HNR05 EL-S-SDARC-110107 El escándalo y el terror ocasionados por la violencia desenfrenada son hechos incuestionables. Solo quienes viven en burbujas protegidas pueden encogerse de hombres ante la epidemia de dolor y zozobra. Los indefensos, los de abajo son los que están condenados a vivir codo a codo con los delincuentes.

La confusión, en cambio, es palpable cuando se intenta ir a las raíces del problema. O, peor aún, cuando se busca acabar con las consecuencias dejando intactas las causas. Algo así como querer bajar la calentura sin preocuparse de su origen.

¿En qué humus brotó la plantita del mal antes de que se convirtiera en un árbol sólido? “Nuestro pueblo es un pueblo violento”. “Se han perdido los valores”. “La guerra nos ha dejado así”. “Los jóvenes emigrantes aprendieron a ser violentos en Los Ángeles”. “El tráfico y comercio de la droga ha corrompido todo”. “Las autoridades son débiles o están aliadas con los delincuentes”. Esas son las voces de la calle.
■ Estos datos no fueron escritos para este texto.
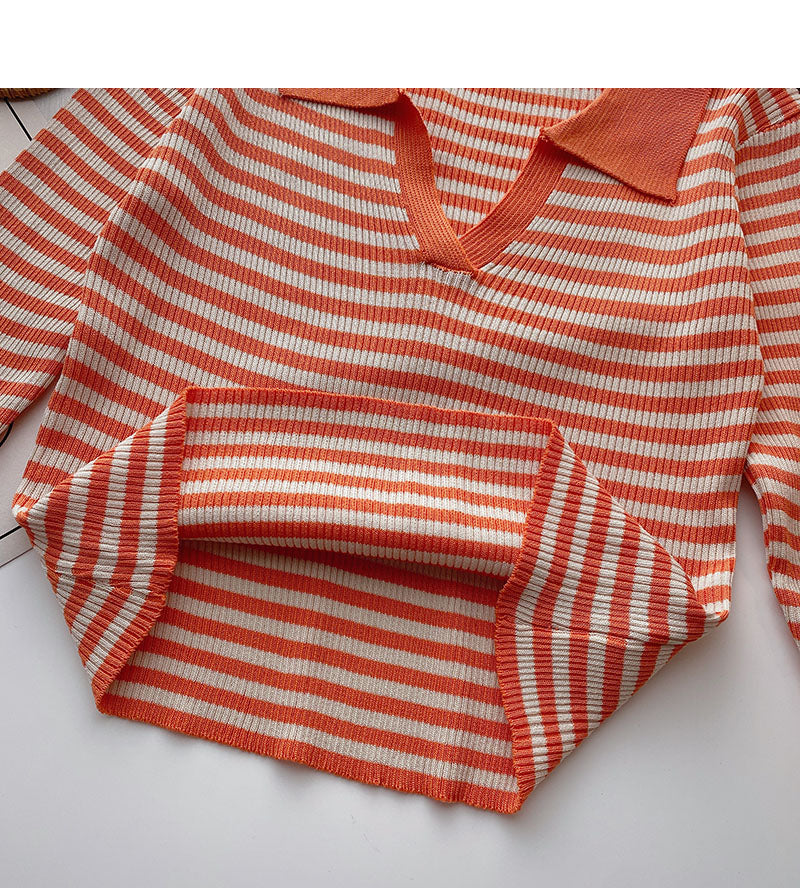 T-shirt Lapel stripe contrast color shows thin slim top fashion  6538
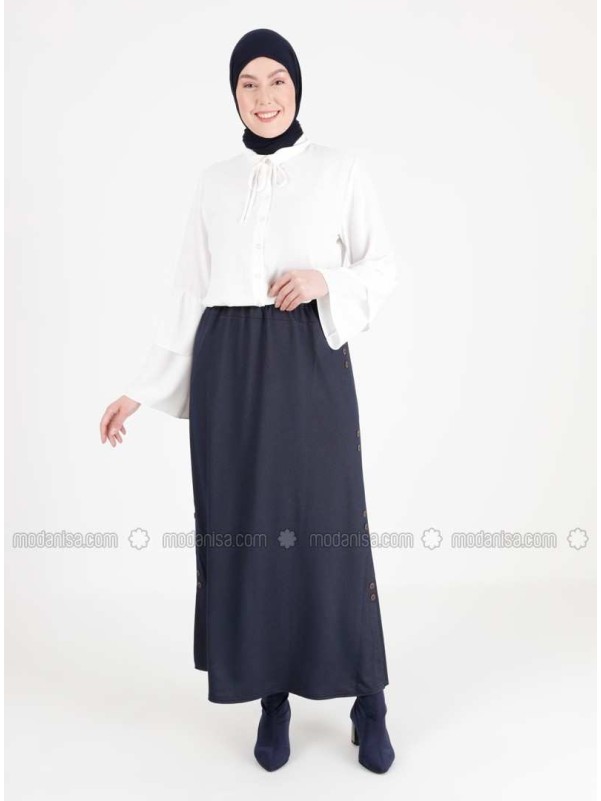 Navy Blue Plus Size Skirt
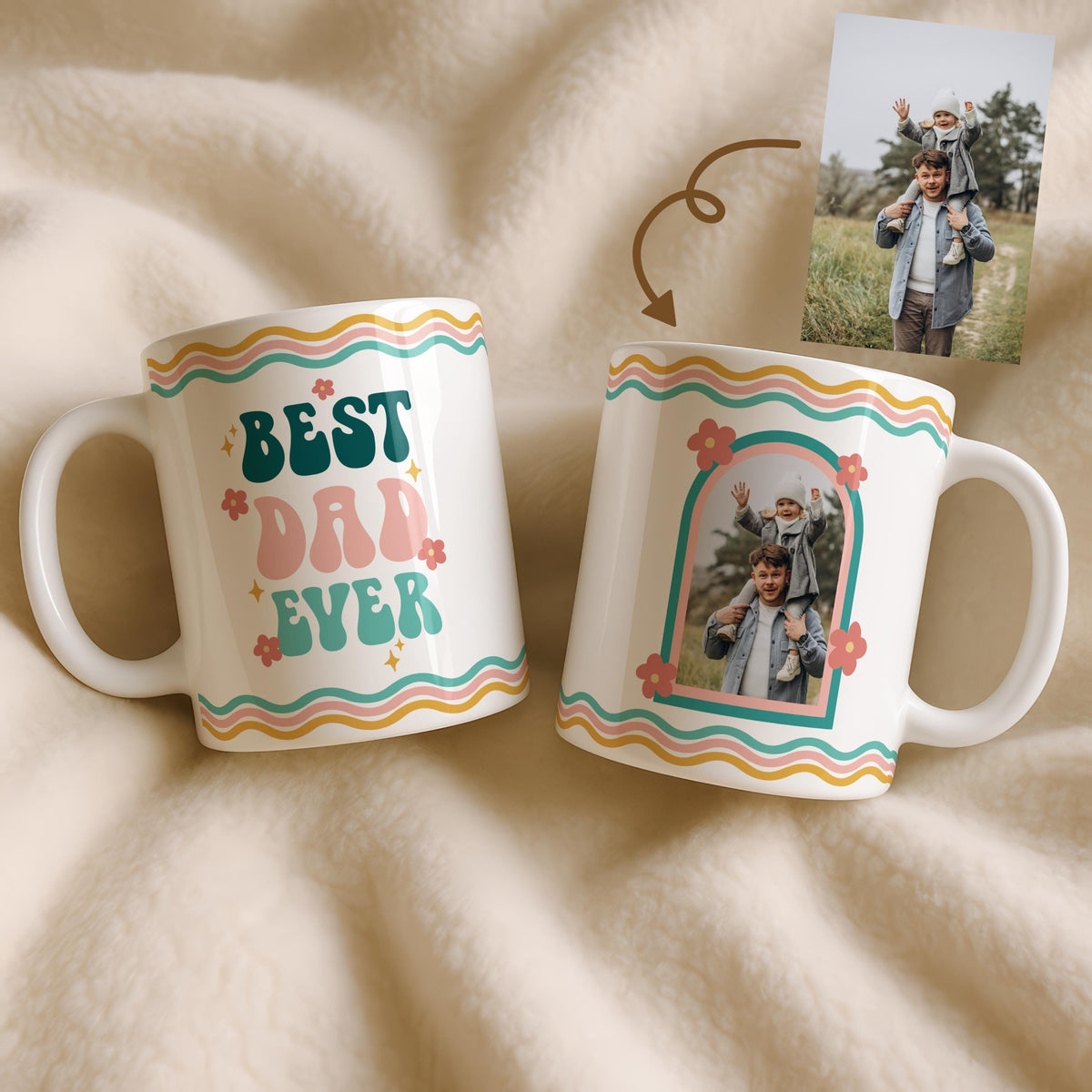 Personalized Photo Mug, Custom " Dad Ever" Ceramic Cup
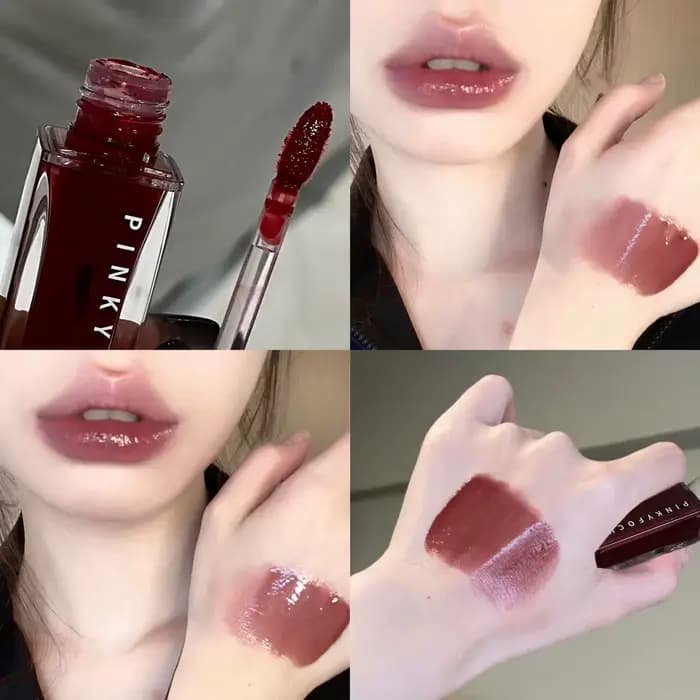 Pinkyfocus Glossy Lip Gloss Hydratant Imperméable Longue Tenue Sans Transfert Lèvres Repulpées Cadeau de Fêtes
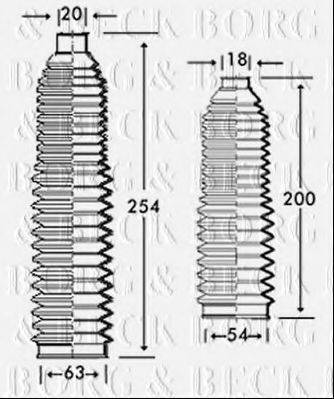 BORG & BECK BSG3220 Пильовик, рульове управління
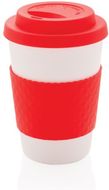 Uudelleenkäytettävä kahvikuppi 270 ml, punainen liikelahja logopainatuksella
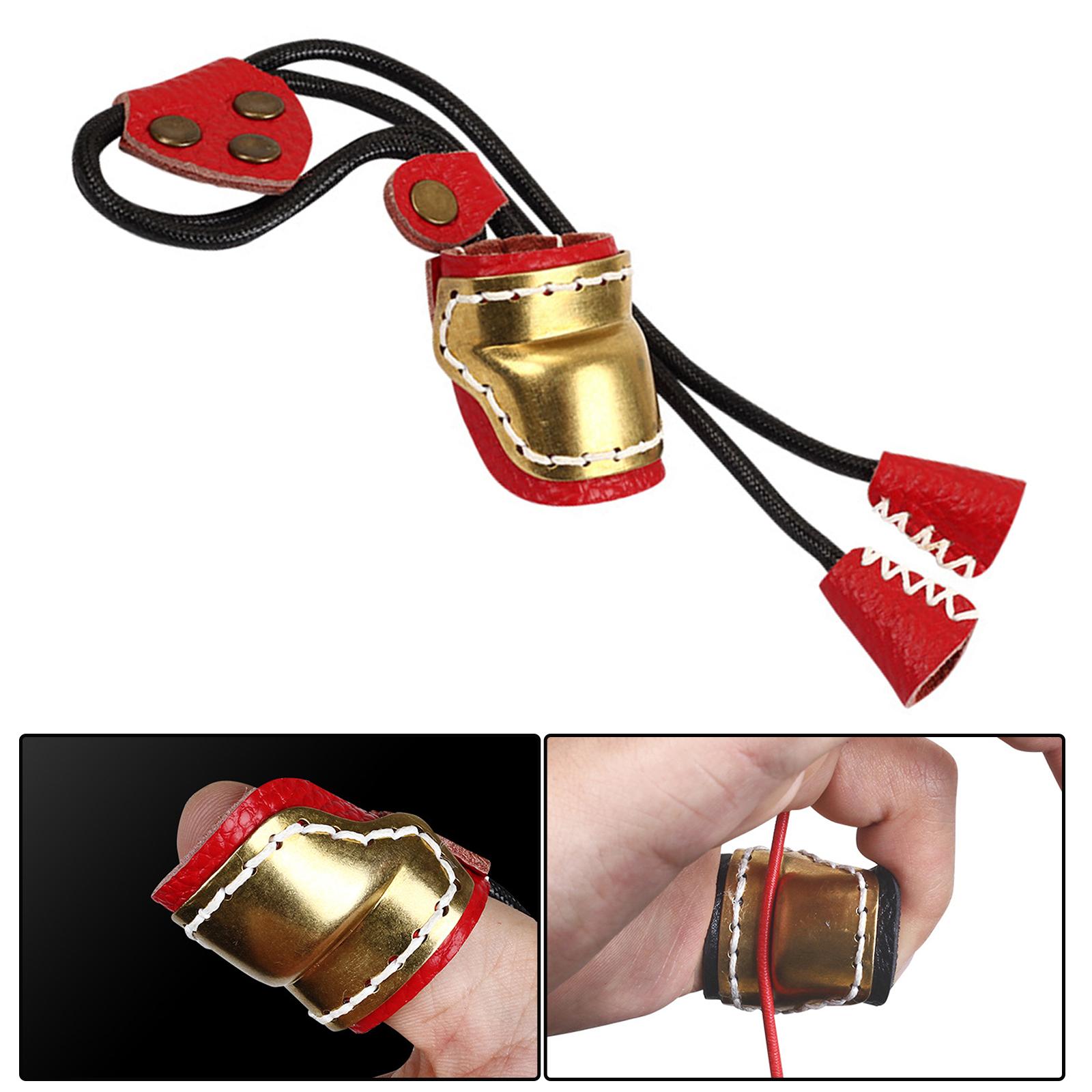 Archery Thumb Rings Brass Finger Guard Adjustable Accessory Premium Red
A lo mejor, todas juntas dibujan un círculo vicioso sin visos de salida.

 

Sin duda que la guerra fue una escuela de violencia. Miles de personas con licencia para matar. Se acabó la guerra, pero los combatientes perdieron la sensibilidad por el respeto a la vida humana.

El río imparable de emigrantes a Estados Unidos alimentó una esperanza de vida mejor que pronto se estrelló ante la muralla del racismo despectivo. Había que defenderse y defender los territorios allá conquistados, pues grupos locales rivales eran una amenaza tangible. La deportación inmisericorde de esos recién llegados indeseables trajo consigo la estrategia de la pandilla organizada.

Luego aparece el tráfico de drogas. Somos el puente entre productores al sur y consumidores al norte. Se necesitaba una estructura criminal que asegurara el trasiego de ese costoso veneno moderno. El dinero fácil es tentación halagadora para quien vive al borde de la subsistencia. Las gruesas sumas de dinero corrompen por parejo a mercaderes, transportistas y agentes de seguridad pública. La clandestinidad del turbio negocio se tiñe de sangre.

 

Pero pareciera ser que la madre de todas las causas sea una estructura social altamente desequilibrada. En estos pequeños países colindan, que no conviven, minúsculos grupos económicamente poderosos con una clase media alta que puede soñar con un trabajo estable y bien remunerado, con una clase media baja bastante atribulada por mantener un precario equilibrio entre ingresos estrechos e inseguros y nivel de vida al límite inferior de lo humanamente aceptable, con una clase pobre que no puede soñar, porque su acceso a educación, salud y trabajo es de tan mala calidad que ve casi cerrada su legítima aspiración a un ascenso social.

 

Al fondo de la escala social se encuentra una masa informe que ha perdido los valores humanos, ha interiorizado su condición de parias y se ha envuelto en el fatalismo degradante. Está compuesta por quienes se han bajado del carro de la historia y se resignan a malvivir, aceptando el crimen como el camino fácil para una vida precaria. Es en este grupo donde ordinariamente se fermentan las pandillas como opción cómoda para vivir una vida sin futuro.

 

¿Qué vida pueden soñar jóvenes arracimados en chabolas inhumanas, con una escolaridad barniz, trabajando en oficios ocasionales con salarios de hambre, sin protección social, bajo la mirada desconfiada del resto de la sociedad? Si vives en determinado barrio calificado como “caliente”, entonces buscarás de balde un trabajo decente y la aceptación social.

 

Al Estado corresponde promover políticas sanas de largo alcance orientadas a la búsqueda de condiciones mínimas de vida digna para todos los ciudadanos. Que todo ciudadano tenga acceso a un servicio de salud pública eficiente, a una educación de calidad, a una oportunidad de trabajo justamente remunerado, a la seguridad social y jurídica y al respeto de sus derechos humanos. En esa tarea estamos comprometidos todos.